Ethics of Placebos in MS Clinical Trials Reassessed in New Publication
Conducting placebo-controlled studies in people with relapsing MS can be done ethically when specific criteria have been met, according to recommendations from an international panel convened by the National MS Society. The use of placebos – “dummy” medications – as a control group for experimental therapies when there are multiple agents available to treat relapsing forms of MS has been of growing concern The updated recommendations are based on a 2007 meeting held under the auspices of the Society’s International Advisory Committee on Clinical Trials in MS, and are published in a special supplement of Neurology dedicated to MS (2008;70:1134).
Background: Using placebo as a control has been the historic “gold standard” for clinical trials in MS, and permits potential benefits – or safety issues – of an experimental treatment to emerge in high relief against a control group that receives the same amount of physician care except for inactive therapy. Ethical concerns exist, however, when there are approved disease-modifying therapies, such as in relapsing forms of MS, which are known to be relatively safe and effective.
A previous summit convened by the Society published its recommendations in 2001 (Annals of Neurology 2001;49:677-681). These guidelines laid out specific circumstances in which it could be considered ethical to conduct placebo-controlled trials in MS. The new panel met to revisit those guidelines in light of today’s therapy and clinical trials landscape. The expanded meeting of the International Advisory Committee on Clinical Trials in MS, chaired by Chris H. Polman, MD, PhD (Free University Medical Center, Amsterdam), engaged MS physicians, ethicists, drug regulatory authorities, statisticians, industry representatives and clinical trial experts who study other diseases facing similar issues debated complex pros and cons of placebo controls in the context of approved therapies.
When are placebo-controlled trials ethically justifiable?: The panel provided guidelines for ensuring that placebo-controlled trials are conducted ethically, which build on the 2001 guidelines:
- When established effective therapy is not available, such as for people with primary progressive MS (PP MS*), or secondary-progressive MS (SP MS**) in which relapses are no longer occurring. The panel recommends that studies focused on a treatment’s ability to stop disease progression in people with SP MS who have relapses should still treat those relapses with established therapy.
- When participants refuse established effective therapy. Careful informed consent is essential to ensuring that the subject is aware of the MS treatments available. The panel suggests using, when possible, a health professional or informed lay person who is not a member of the research team or affiliated with the sponsor to help the subject make an autonomous decision and to maintain their understanding of that decision throughout the study. Also, they recommend counseling and re-consenting if there is a disease relapse or if an individual’s disease worsens during the study.

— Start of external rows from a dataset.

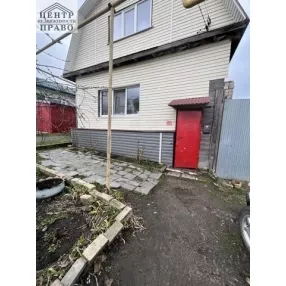 Жилой дом в центре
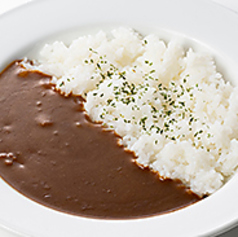 ビーフカレーライス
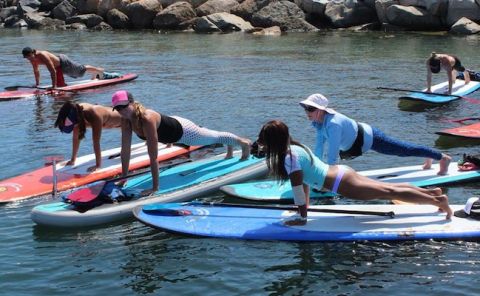 Beyond the Shore Festival Targets Ocean Appreciation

- When subjects have not responded to established effective therapy. If one treatment has failed, but others are available, these should be suggested to the subject before participating in a placebo-controlled study. The panel suggests using “patient-centered criterion” to determine if previous treatments have failed: Does the subject believe that this therapy was unsatisfactory, due to lack of effectiveness, side effects, intolerability, or toxicity?
- In areas where resources are restricted and established effective therapy is not readily available. Trial sponsors are increasingly conducting studies in such areas of the world. The panel recommends that, for these studies to be considered ethical, special effort be made to understand what treatments are available, as well as reimbursement policies and patient assistance programs. The sponsor should provide details about how to obtain post-clinical trial access to experimental therapies that are proven to be effective, and sponsors should make a commitment to pursue registration of any proven drug in any country in which it is tested.
- In short-term phase II proof of concept studies. There is no evidence that short-term deprivation (less than 6 months or so) of approved MS therapies can cause long-term differences in clinical outcome. If sound scientific reasons exist for doing a short-term study, the nature and rationale for the study should be carefully explained to participants.
- When the outcomes of placebo therapy do not increase serious or irreversible harm, such as clinical trials of symptomatic treatments.
Alternatives to placebo-controlled trials: Although placebo-controlled trials are the most efficient and interpretable trial design when studying effectiveness and safety of a new therapy, there are many trial design options that can avoid the use of control groups given only inactive placebo and these are discussed in the paper. One potential solution is to conduct “add-on” trials (where participants take a standard treatment plus either a new therapy or placebo version of the experimental therapy). Alternatively, “superiority” trials (where participants receive either a standard therapy or the new therapy) can be considered.
Comment: “We have only partially effective therapies for relapsing forms of MS, and no approved therapies that treat the underlying cause of progressive forms of this disease,” said John Richert, MD, executive vice president of research and clinical programs for the National MS Society. “In this light, it is vital that potential new therapies coming down the pipeline can be properly tested for their benefits and safety. This panel’s updated recommendations help ensure that testing can proceed while the individual rights of patients are protected.”
*PP MS – Primary-progressive MS, a slow but nearly continuous worsening of disease from onset.
**SP MS – Secondary-progressive MS, an initial period of relapsing-remitting MS, followed by a steadily worsening disease course with or without occasional flare-ups or minor recoveries.